A few days ago was the summer solstice, so out of curiosity, I looked up the sunrise and sunset times. Technically, sunset was at 9:48pm. However because of our location, it takes the sun a LONG time to fully disappear behind the horizon.

Here is what our street looked like at "sunset" at 9:48pm:

And here it is at 10:30pm. Streetlights on, but you can still clearly see down the street. Lots of light.

When I went to bed at 11:15pm, it was fairly dark but I could still see the light from the sunset at the edges of the sky.

Sunrise is technically at 5:18am, but like the long sunset, when Matthew left the other day at 4am, it was already getting light.  I've been surprised by how much I've enjoyed the long days, especially when the weather is clear and beautiful, which it has been a lot lately.

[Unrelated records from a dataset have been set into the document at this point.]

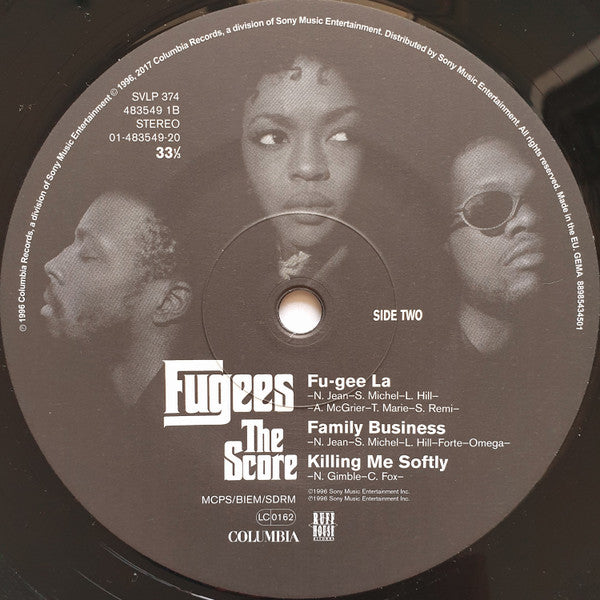 Fugees - The Score (nuovo)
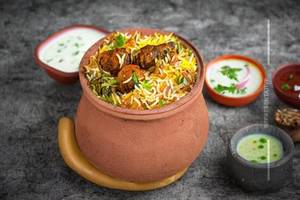 Veg Pot Biryani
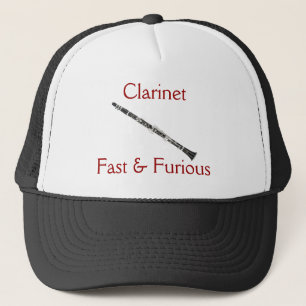 Clarinet: Fast & Furious Hat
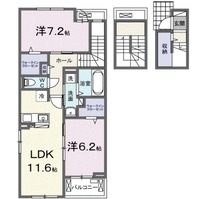 間取図/区画図:間取図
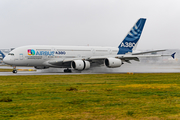 Airbus Industrie Airbus A380-861 (F-WWOW) at  Hamburg - Finkenwerder, Germany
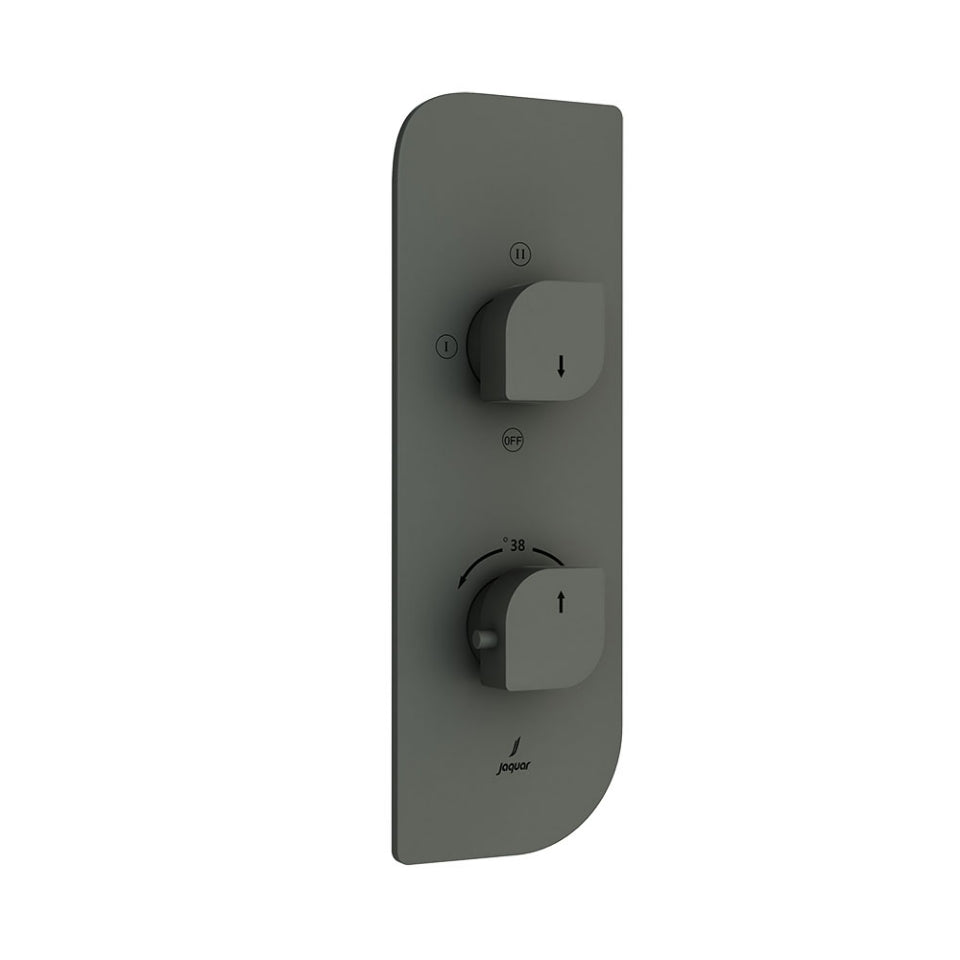Jaquar Jaquar Alive Faucet Range Aquamax Exposed Part Kit of Thermostatic Shower Mixer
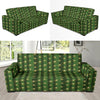 Cactus Skin Print Pattern Sofa Slipcover-JTAMIGO.COM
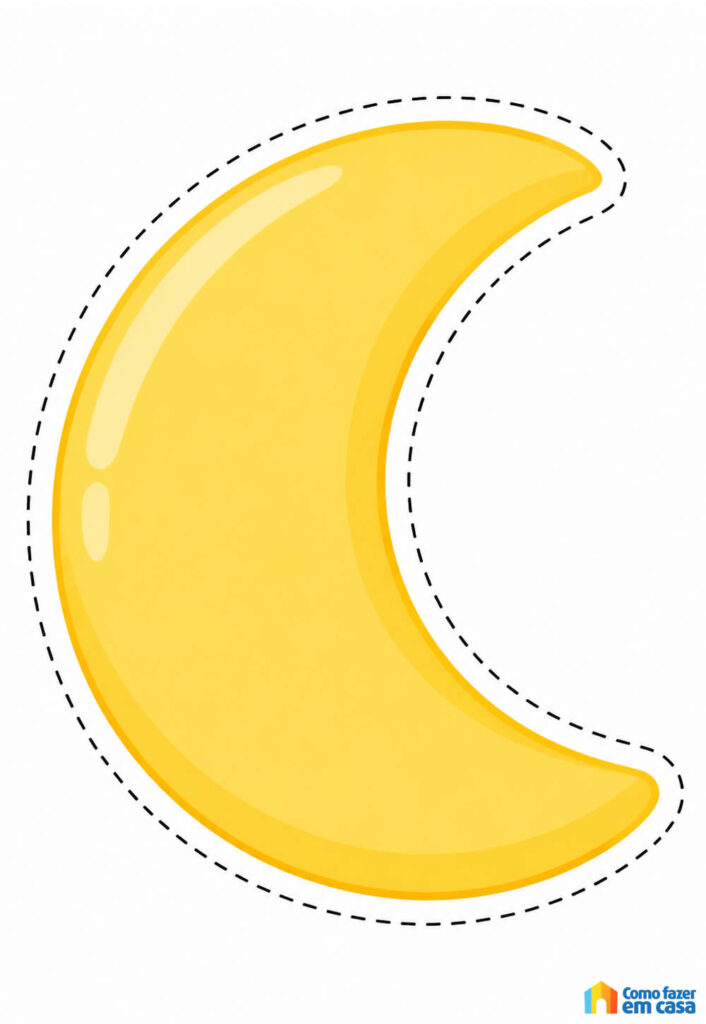 Molde de Lua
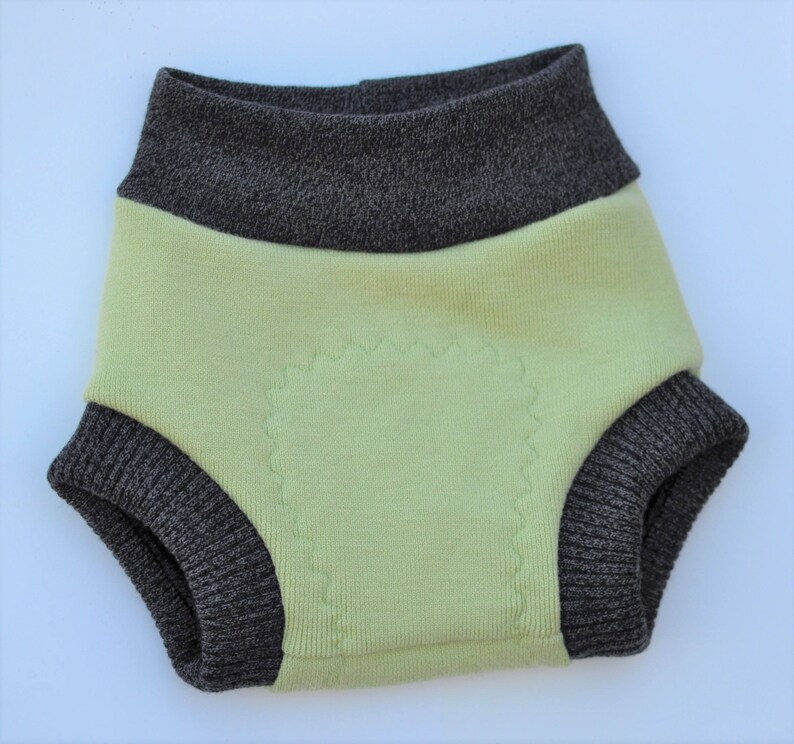 Fox Wool Soaker Large Wool Diaper Cover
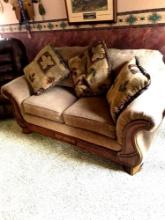 American Furniture couch with pillows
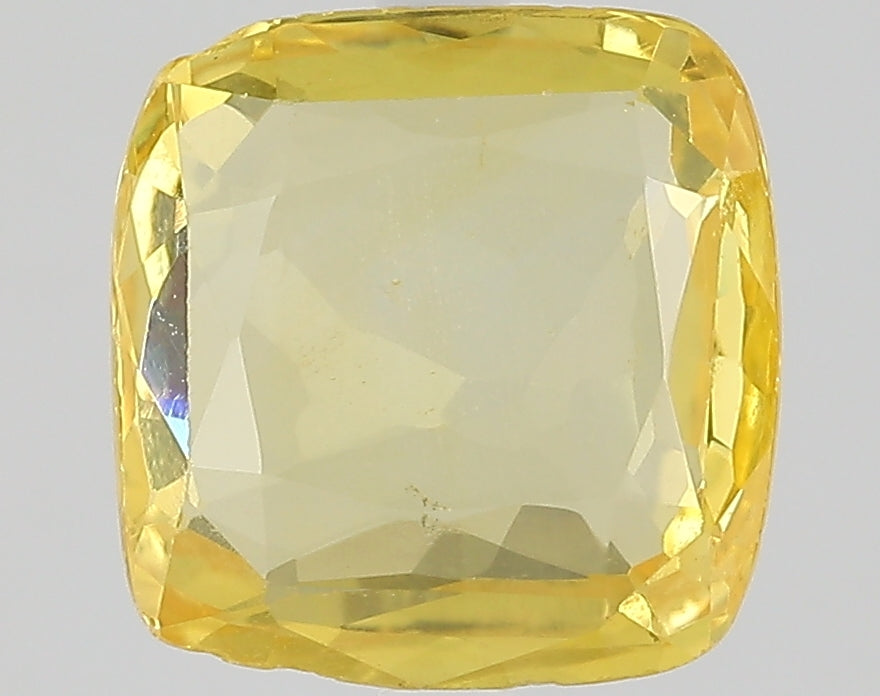 Yellow Sapphire - 3.53 carats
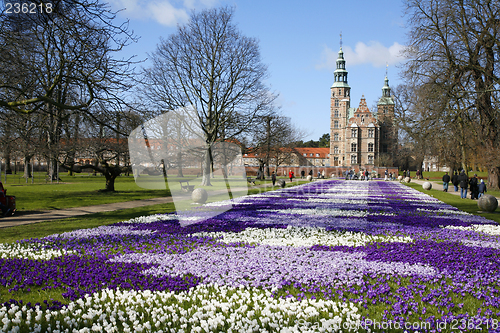 Image of Springtime - Rosenborg Castle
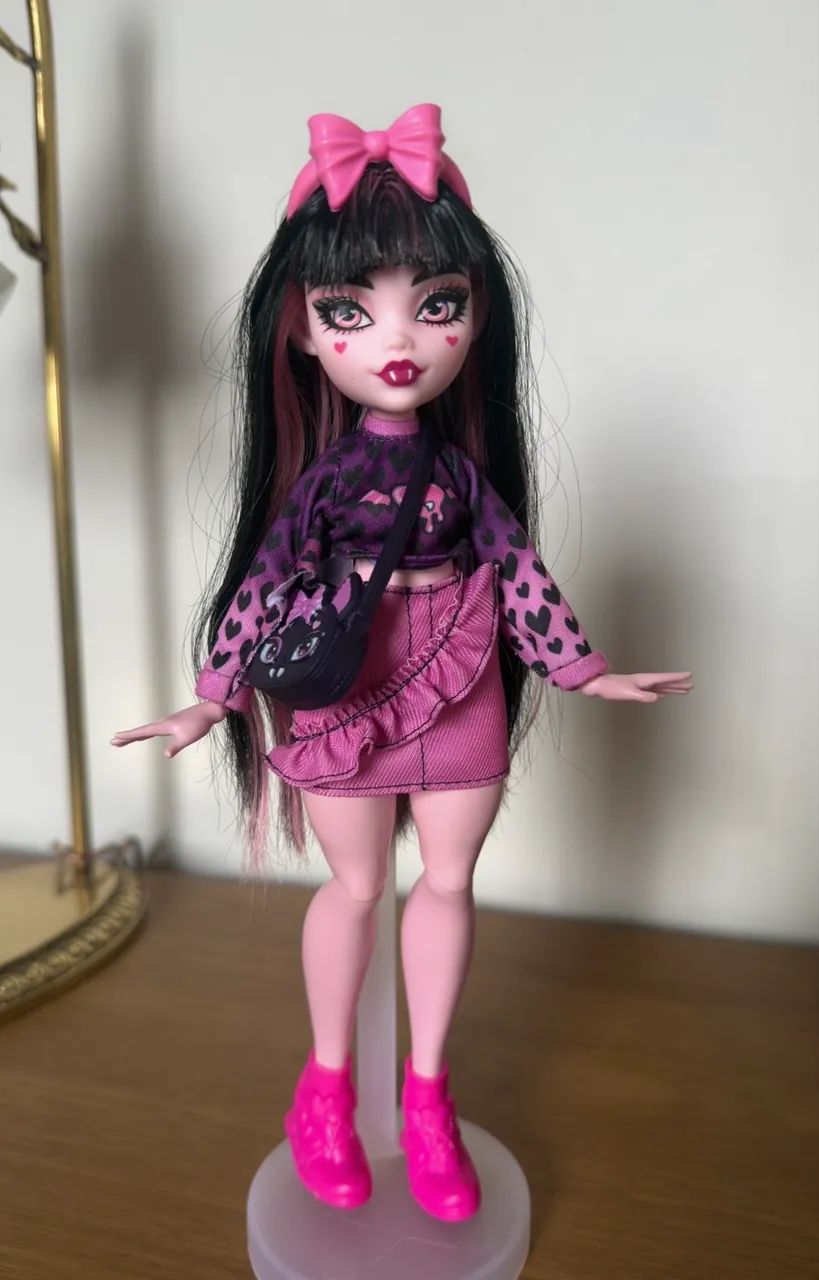Draculaura Faboolous Pets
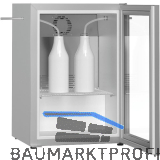 LIEBHERR Milchk�hler FKv 503 Var. H48 Silber 612 mm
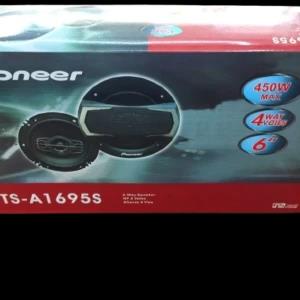 Pioneer 6 Inch Car Door Speakers Water Resistant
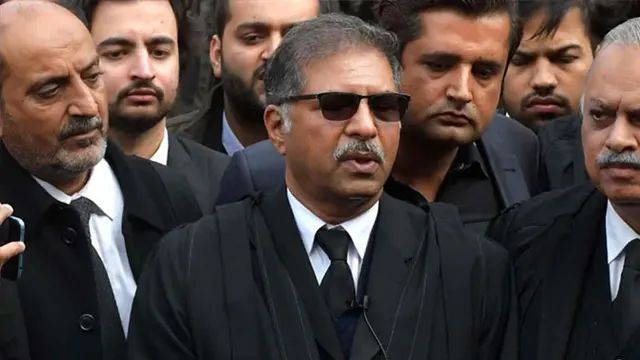پی ٹی آئی کو الیکشن جیتنے سے کوئی نہیں روک سکتا: بیرسٹر علی ظفر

It's just recently started getting "hot".  This week we had several days with temps in the 90s (F), one of which hit 98℉. This has been a sweaty week since I've been doing double drop-offs & pick ups of both boys at school while Matthew's been working.  I'm estimating that I cycle a minimum of 8km on those days, plus a few km of walking to any errands I need to take care go shopping, see friends, or Deutsch class.  Needless to say, my water intake has gone up ALOT, I'm getting the first tan I've had in years, and I'm sleeping great despite the sunlight!

Also, it's important to know that there is no air conditioning here. Most of the time it's not really needed. Even when the temps get hot, it's usually only for a short time and a few days later it's back in the 60s-70s. Plus, Europeans seem to be adamantly opposed to it: central air-conditioning spreads germs, allergens, harbors mold and is not energy efficient. BUT you can purchase a small, room air conditioner on Amazon. I've held that knowledge in the back of my mind as the temps start to heat up.

Our house has held up surprisingly well, so far, though. I don't know if it's the age of the house with its 2-3 ft thick stone & concrete walls, that it was built with the intention to stay cool, but we've guessed that the interior temperature has stayed in the mid 70s even on the hottest days. It has actually felt cooler on a 98℉ day here than our house in Atlanta did WITH air conditioning. Those awesome automatic exterior shades really help, too. Our windows only get about 2-3 hours of direct, hot sunlight each day (by design??) and so, we lower the shades during that time.

Growing up in the Southeastern US, it was common to see/tour old antebellum houses that had a central hallway. I remember the tour guide always pointed out during the tour that the doors on either end of the hallway could be opened in the summer time for a breeze.  I used to think that this was evidence that they were really desperate for air conditioning, but can now vouch for the design's effectiveness. It's pretty common most days to find our house open like this with a breeze flowing through the middle:

I'll keep you posted as to whether we break down and order an air conditioner.  I think we'll be getting a fan for the bedroom soon, for some airflow at night.  After all, it's still only June and we have to make it through August. :)

EDIT: After posting, I realized it's not actually correct to say "NO air-conditioning". Grocery stores have air conditioning, as well as the commercial shops downtown. But I am not aware of any houses having it.  Even the largest office building uses water from the river pushed through pipes in the center of the building to cool it.